A team of Spanish archeologists excavating near the southern Egyptian city of Luxor have stumbled upon a unique wooden sarcophagus believed to belong to a 5-year-old child.
The coffin, which is over 3,000 years old, could shed light on a little-known period before the unification of ancient Egypt, explained head archeologist Jose Manuel Galan to ABC.es. He added that the mission also discovered a number of ancient pots and wooden statues wrapped in linen.
“The coffin was found during the ongoing excavation and documentation of the tomb of Djehuty, one of the most high-ranking dignitaries during the era of Queen Hatshepsut, at Dira Abul-Naga area in western Luxor,” explained Mansour Boraik, field director of excavations in Luxor, according to NZWeek.com.

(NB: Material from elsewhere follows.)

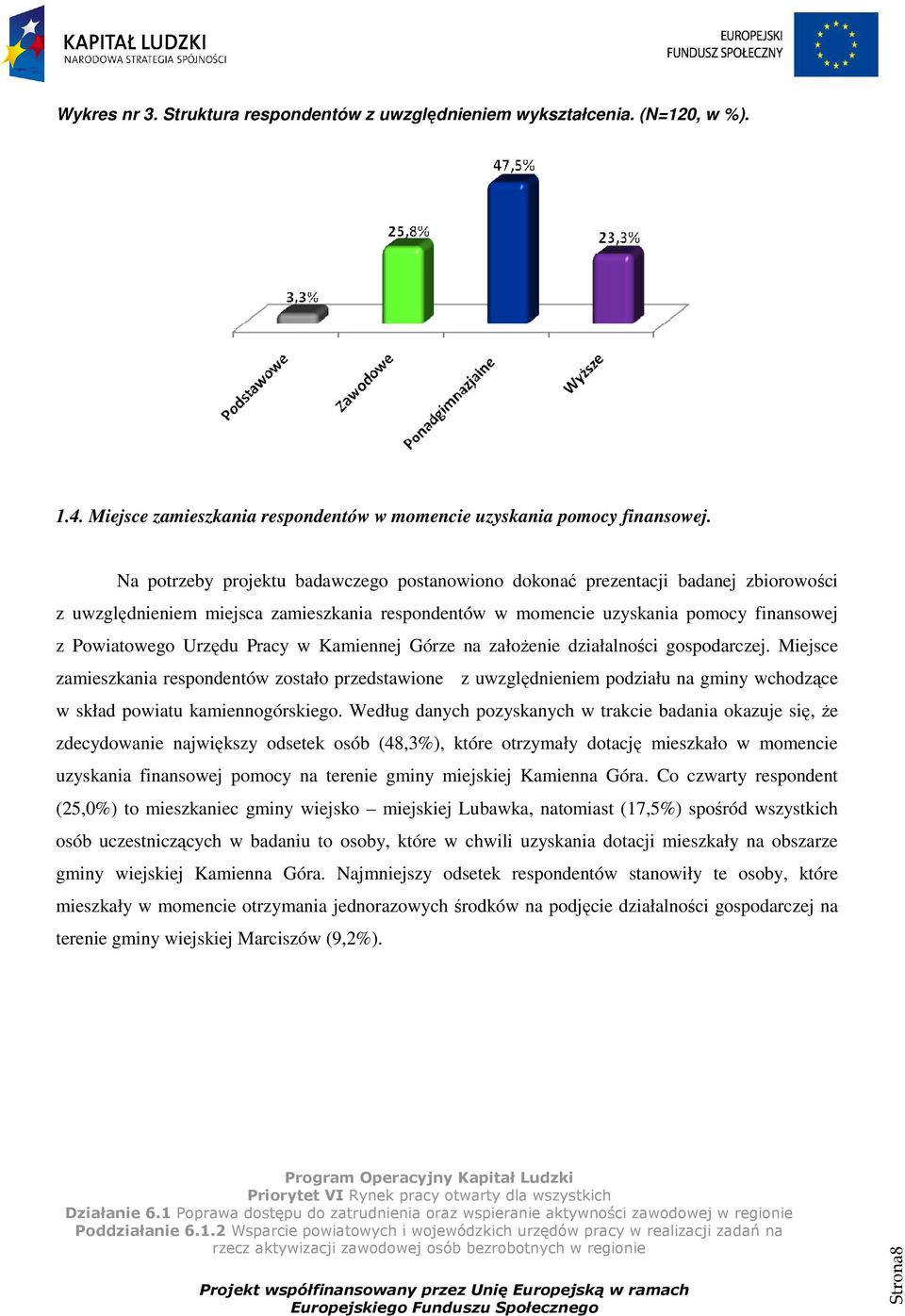 Pracy w Kamiennej Górze na założenie działalności gospodarczej. Miejsce zamieszkania respondentów zostało przedstawione z uwzględnieniem podziału na gminy wchodzące w skład powiatu kamiennogórskiego.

Experts have been exploring the site over the past three years, digging around the tombs of Djehuty and Hery, two top Egyptian court officials who lived between 1500 and 1450 B.C., IANS writes. The news service explains that the find of the child's sarcophagus is unexpected, since the coffin predates the lives of the court officials.
This is not the first important archeological discovery in Egypt this year. In early January, Italian scientists excavating under the mortuary temple of Pharaoh Amenhotep II came across a collection of tombs hiding human bones, the remains of wooden sarcophagi, and jars used to store the organs of the deceased, the BBC reported.